You are correct, you can add flights that leave up to a year after the original ticketed departure date. That means if you postpone your original flight it does not extend the validity of the ticket. It would be interesting to see what happens if you subsequently as in flights before your original departure date - could you create an itinerary that lasts over 12 months?
Thank you.
I used to do that for sure - divide 35K miles into 2 trips, having 10month stop over at MEL or somewhere else. Never had an issue with validity due to issuing date, I was able to either add next segment one by one or push it further later dates. 2017/2018, 2019/2020 - at least 2 OWA 35K flown, divided into 2 big trips.
For this instance this is time line and routing:
- Booking completed online in DEC 2023, as per below:
NOV24 KUL-TYO//TYO-ORD//BOS-TYO-SIN
DEC24 SIN-HEL-VIE//MXP-HEL-ICN
- I wanted to push second part of travel to MAR25, so just date change.
Seats are available and agent can see as well.
- While on the phone(...over 3 hours...) new date once appeared in my booking but they couldn't finalize it saying it gives error and it was sent to other end.

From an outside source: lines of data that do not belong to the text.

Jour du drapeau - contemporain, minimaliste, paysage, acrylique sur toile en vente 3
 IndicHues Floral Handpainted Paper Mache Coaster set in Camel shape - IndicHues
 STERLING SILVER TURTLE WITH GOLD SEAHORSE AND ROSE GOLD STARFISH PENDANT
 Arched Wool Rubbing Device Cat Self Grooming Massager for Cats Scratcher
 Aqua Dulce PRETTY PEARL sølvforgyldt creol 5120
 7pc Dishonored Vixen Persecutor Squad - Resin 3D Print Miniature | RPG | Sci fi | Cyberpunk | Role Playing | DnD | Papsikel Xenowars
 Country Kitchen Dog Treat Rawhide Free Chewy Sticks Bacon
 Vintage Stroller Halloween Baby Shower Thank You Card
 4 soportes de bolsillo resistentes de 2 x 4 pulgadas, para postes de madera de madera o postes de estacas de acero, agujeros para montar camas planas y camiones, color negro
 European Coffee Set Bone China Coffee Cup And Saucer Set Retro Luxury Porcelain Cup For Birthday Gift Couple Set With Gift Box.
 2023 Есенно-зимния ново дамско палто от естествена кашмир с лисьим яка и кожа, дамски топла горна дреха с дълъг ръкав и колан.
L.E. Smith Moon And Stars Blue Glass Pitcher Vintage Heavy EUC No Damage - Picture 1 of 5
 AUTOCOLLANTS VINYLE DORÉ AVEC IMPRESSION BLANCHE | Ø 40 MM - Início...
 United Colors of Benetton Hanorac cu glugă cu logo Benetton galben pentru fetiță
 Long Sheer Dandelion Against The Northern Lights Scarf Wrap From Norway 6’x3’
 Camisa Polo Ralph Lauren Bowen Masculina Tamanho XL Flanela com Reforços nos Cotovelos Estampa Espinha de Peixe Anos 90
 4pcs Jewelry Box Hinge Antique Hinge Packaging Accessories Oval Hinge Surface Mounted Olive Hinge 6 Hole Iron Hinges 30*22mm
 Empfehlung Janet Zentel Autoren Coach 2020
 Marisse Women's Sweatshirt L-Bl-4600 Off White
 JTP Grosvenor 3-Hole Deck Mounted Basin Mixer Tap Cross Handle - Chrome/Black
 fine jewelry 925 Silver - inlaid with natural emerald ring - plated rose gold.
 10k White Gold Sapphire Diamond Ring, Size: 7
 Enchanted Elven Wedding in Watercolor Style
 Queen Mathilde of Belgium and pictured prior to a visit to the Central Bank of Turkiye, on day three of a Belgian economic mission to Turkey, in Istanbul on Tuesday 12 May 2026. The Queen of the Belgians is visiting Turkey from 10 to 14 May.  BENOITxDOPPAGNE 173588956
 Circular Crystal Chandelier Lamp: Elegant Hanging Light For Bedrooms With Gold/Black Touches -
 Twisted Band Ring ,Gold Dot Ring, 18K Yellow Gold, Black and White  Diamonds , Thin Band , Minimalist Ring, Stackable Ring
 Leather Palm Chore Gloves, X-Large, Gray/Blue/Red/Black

After lengthy wait it was concluded it is due to issuing date validity issue.
- With all the horror stories losing tickets with attempted changes, obviously I'm scared to lose booking and ticket so didn't push too hard. Unfortunately second attempt came back with same result, I cannot change it to later than DEC24 which is 12 months from initial issuing date.
- I did ask if I change destination and re-issue, it will be valid from new issuing date. Answer was NO, initial issuing date it matters.
I'm debating either I just give up second half of the trip, and keep at least first half or scrap and start all over again. Thing is I already booked location flight(cash) and all for first half, and of course there is no guarantee I will be able to secure first half again if I cancel.
Hope this makes sense - would be grateful if you could give me any tip.